Another excellent column by Claudia Rosett, posted up on OpinionJournal. The start (but don't miss the rest!):
A friend was wondering the other day what frontiers are left to explore, now that scientists have pretty much mapped the planet. The answer, I'd suggest, lies less in the stars than along the frontiers of human freedom--which over the past few decades have been edging out dictatorships from Asia to Latin America to Eastern Europe. Today, sped along by President's Bush's bold move two years ago to break the despotic gridlock of the Middle East by overthrowing Saddam Hussein, that same push for freedom has arrived at the region's palace gates.
Though Saddam has been the only Middle Eastern tyrant so far to fall, there is no question that in the politics of that region a shift is under way. It seems that even in a part of the world the West has long written off as the turf of dictators, oil and not much more, people want freedom. The removal of Saddam is reverberating far beyond Iraq. In recent months the message has become ever clearer, from the astounding election turnout in Iraq, to the demonstrations for democracy in Lebanon, to dissidents raising their voices in Syria, to public demands for pluralism in Egypt--as well as the continuing democratic foment in Iran.

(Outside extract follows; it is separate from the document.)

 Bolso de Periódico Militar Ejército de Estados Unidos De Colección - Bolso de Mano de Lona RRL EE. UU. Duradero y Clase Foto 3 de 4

In all this, no where has the clamor for liberty and accountable government been more acute than in Lebanon, a nation that during the last century boasted democratic institutions before there were mutilated by war, then smothered by Syria's occupying forces. And in recent weeks, in their struggle for freedom, the Lebanese people have voiced a vital demand, one that deserves far more attention than even the considerable amount it has already received. They have been telling it in English to the world press, and writing it in Arabic in white-and-black signs across their country, on walls, billboards and banners.
They are demanding, simply: "The Truth."